The Pilgrim Pipeline, a proposed set of two oil pipelines to run from Albany to the Bayway Refinery in Linden, New Jersey, would carry an estimated 200,000 gallons of crude oil per day southbound from Albany to the Bayway Refinery. It would then carry 200,000 gallons of refined petroleum products in that same timespan from the Linden refinery to the New York Harbor. From here, the product would be distributed to areas in New England.
The town council meeting succeeded the Mahwah Planning Board’s public meeting on the same issue held on November 30, which had an overwhelming attendance of 150 passionate Mahwah citizens, all opposed to the pipeline’s construction.
This fervor is far from unprecedented. In New York state alone, 19 municipalities along the Pilgrim Pipeline’s proposed path, including Tuxedo, have passed resolutions strongly opposed to the pipeline.
The pipeline’s path would enter Rockland County from the north towards Sloatsburg, straddling the county line through land that is part of the Ramapo Mountains. It would then break off fully into Rockland County by Sterling Mine Road in Sloatsburg and go through ponds and streams which are part of Seven Lakes Drive.
It would then straddle the county line again along the New Jersey border until it finally leaves New York and enters New Jersey heading in the direction of Ramapo Reservation, one of the most frequently enjoyed nature reserves the area has to offer for both Bergen and Rockland county residents.
The sentiment in Mahwah last Thursday night mirrored that of the opposition to the Pilgrim Pipeline across the board. “It doesn’t bring benefit.
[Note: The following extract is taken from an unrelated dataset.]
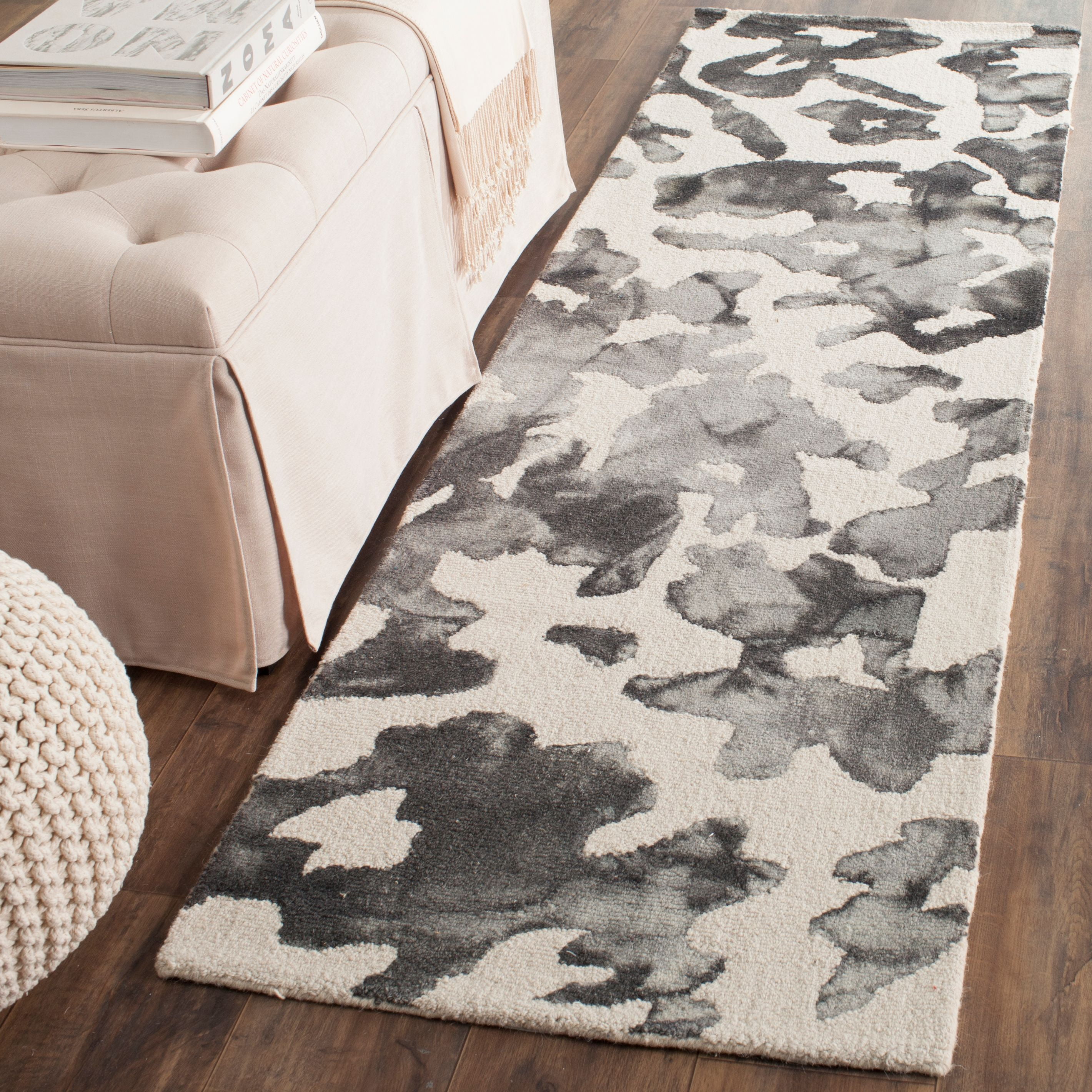 SAFAVIEH Dip Dye Jennie Overdyed Wool Runner Rug, Beige/Charcoal, 2'3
It brings a lot of risk,” said Mather Markell, a Mahwah citizen and contender for Mahwah Town Council.
The number one concern of many is the increased risk of oil spills that the introduction of two new pipelines would pose to the environment and how this affects area residents. For example, the Indian Point oil spill in May 2015 resulted in the leakage of thousands of gallons of oil into the Hudson River, New York City’s most valuable fishing resource and easily the most prominent, interconnected river in the region.
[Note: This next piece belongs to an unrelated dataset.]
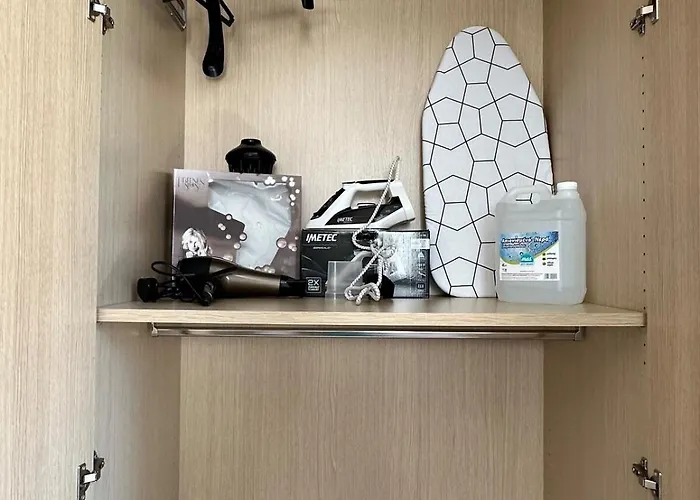 Majestic Gardens 10 Minutes From Airport Tersephanou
As stated by Mahwah mayor, Bill Laforet, “Today is the day that water is more valuable than crude oil.” The pipeline would directly affect the town’s water supply as is the case in many municipalities.
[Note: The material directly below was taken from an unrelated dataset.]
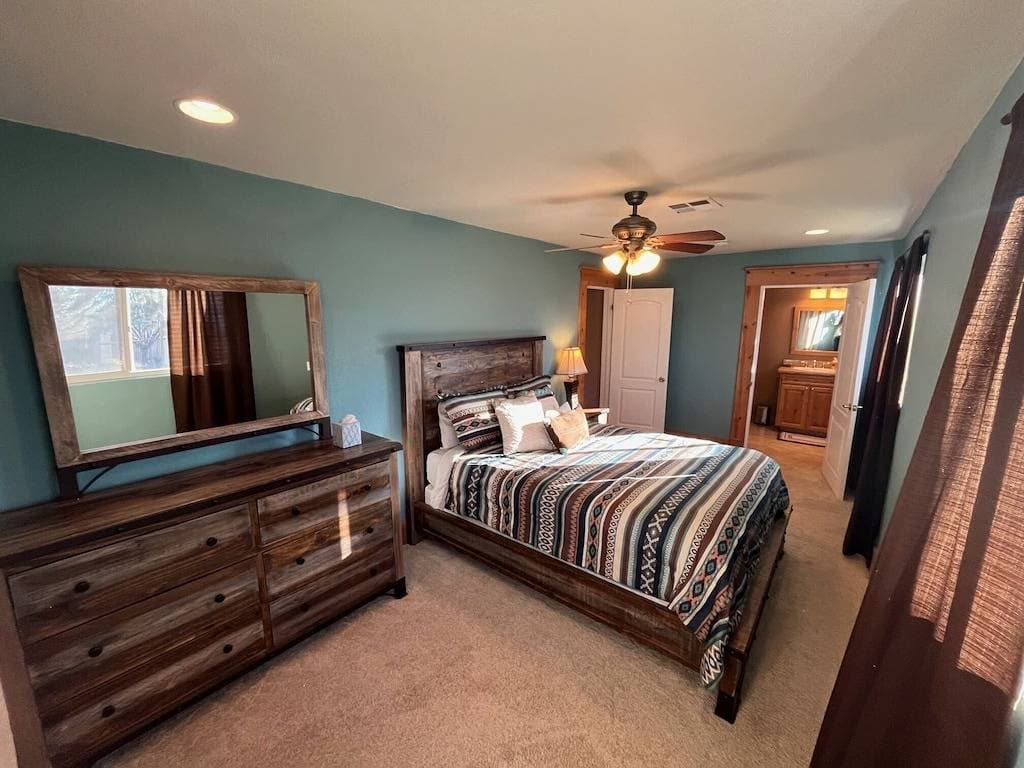 Foto 12 von 49: Riley's Retreat - Komfortables 2Bd, 2Ba Haustierfreundliches Cottage in Kanab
In New York State, reporting a leak from a private gas line to state authorities is only required monthly (New York Compilation of Rules and Regulations, Title 16 Public Service Commission, Volume B Chapter 3 Gas Utilities, Sub Chapter C Safety, Part 255 Transmission and Distribution of Gas), not immediately following the leak. Response to a leak is out of the hands of government and would be left to the company that owns the pipeline.
Additionally, except in extreme cases, the law does not necessitate public notification regardless of whether water reserves are contaminated.Furthermore, the pipeline would not bring in any tax revenue for the town. These factors, along with many others, have communities from Albany to Linden asking, why bother?
One must consider the numerous benefits associated with the construction of pipelines. First and foremost, the construction and maintenance of a new pipeline creates new jobs. This was clearly stated during the Mahwah Town Council meeting when a representative from the International Union of Operating Engineers, one of the primary unions to be employed by the Pilgrim Pipeline during its construction, said that, “in order to remain competitive and keep our economy moving, we need responsible energy infrastructure development.”
The Pilgrim Pipeline’s website confirms that the estimated $1 billion dollar project will, “create 2,000 construction jobs.” Beyond temporary economic gains, there is the additional benefit of increased stability in the oil supply provided for the regions the Pilgrim Pipeline aims to serve. For example in the case of natural disasters or debilitatingly extreme weather conditions, the increased security associated with pipelines “will address supply disruptions and price spikes that occur [in states of emergency],” another crucial point brought up by the project’s website.
The controversy of the Pilgrim Pipeline’s construction is relatively contained within the communities it would directly affect but this vehement debate is mirrored by the nation-wide Keystone Pipeline debate over the past few years. The Keystone Pipeline, which runs from the Western Canadian Sedimentary Basin in Alberta, Canada to refineries in Illinois and even as far as Texas, was commissioned in 2010 and was subsequently met with strong public opposition.
In the cases of both the Keystone Pipeline and the Pilgrim Pipeline, proponents of pipeline construction claim that the economic benefits outweigh the environmental risks, while opponents claim that the opposite is true. In the case of Mahwah, as well as a number of other communities along the Pilgrim Pipeline’s route, the citizens by and large feel that the economic benefits pale in comparison to the enormity of the environmental hazards which the introduction of a pipeline would bring to their own backyards.
As put by Town Councilwoman Janet Ariemma, “[The Pilgrim Pipeline] affects not just Mahwah; it affects everyone around here.” She added, “We have to try to work together with our neighbors.”